#### [Activity]
Restate word for word the opening line of the data below and every line after it until the line with "a group of people", that line too, but not the pictures.

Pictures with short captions
==========

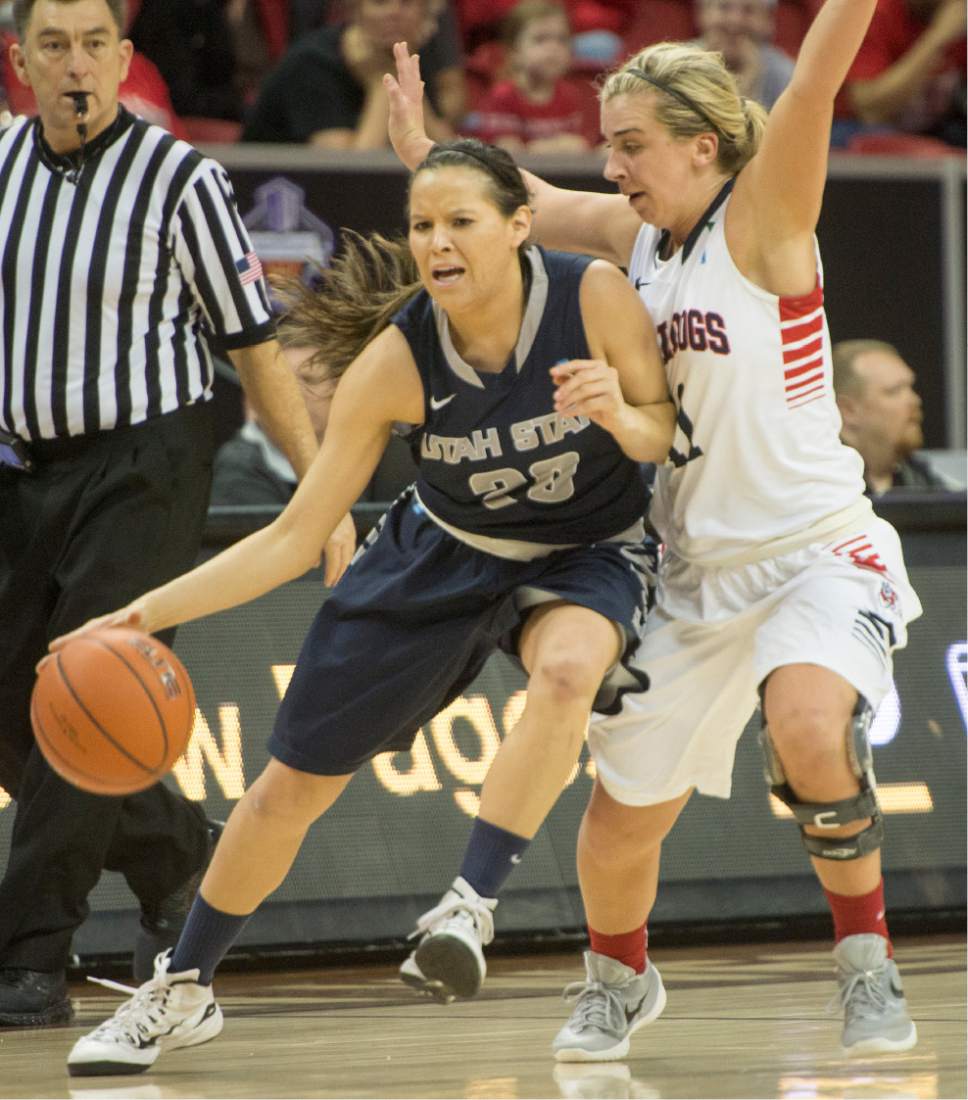 Rick Egan  |  The Salt Lake Tribune

Utah State Aggies guard Baylee Peck (23) tries to get the ball down court, as Fresno State Bulldogs guard Alex Furr (11) puts on the full court press, in Mountain West Conference playoff action, The Utah State Aggies vs. The Fresno State Bulldogs, at the Thomas & Mack Center, in Las Vegas, Tuesday, March 8, 2016.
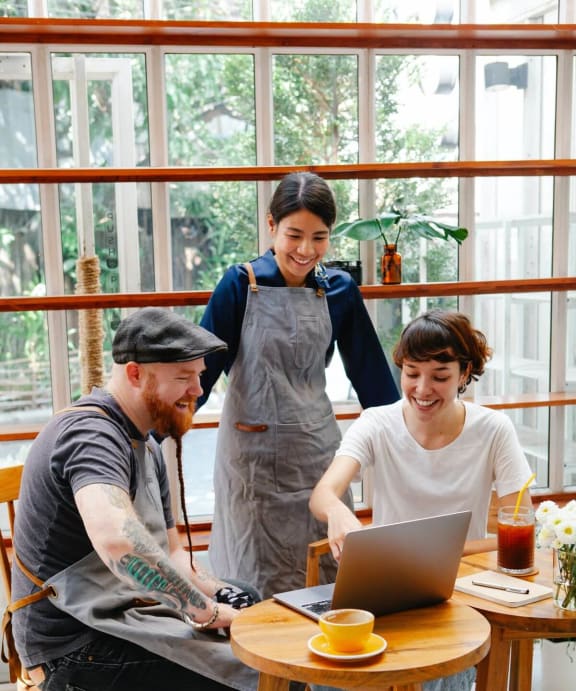 a group of people sitting around a table looking at a laptop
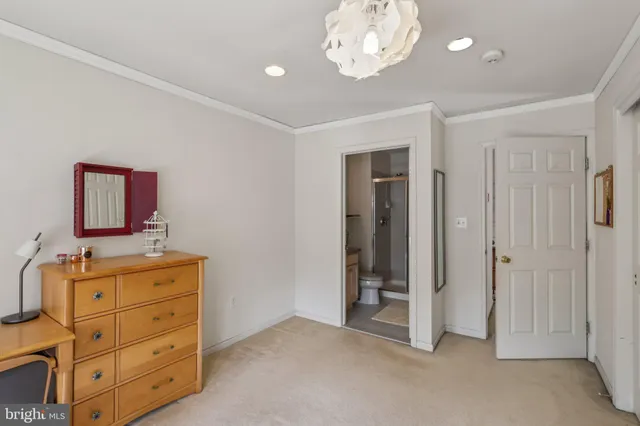 a bathroom with a granite countertop sink mirror vanity and toilet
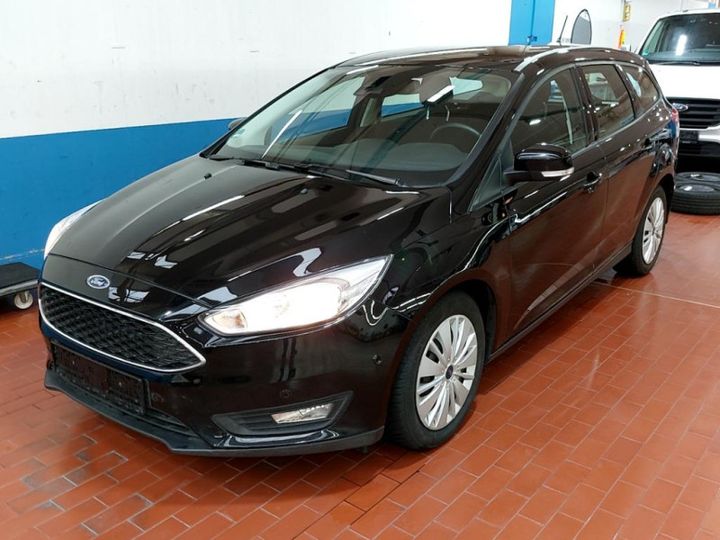 Photo 1 VIN: WF06XXGCC6JY49942 - FORD FOCUS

==========

#### [Response area]
 Rick Egan  |  The Salt Lake Tribune

Utah State Aggies guard Baylee Peck (23) tries to get the ball down court, as Fresno State Bulldogs guard Alex Furr (11) puts on the full court press, in Mountain West Conference playoff action, The Utah State Aggies vs. The Fresno State Bulldogs, at the Thomas & Mack Center, in Las Vegas, Tuesday, March 8, 2016.
 a group of people sitting around a table looking at a laptop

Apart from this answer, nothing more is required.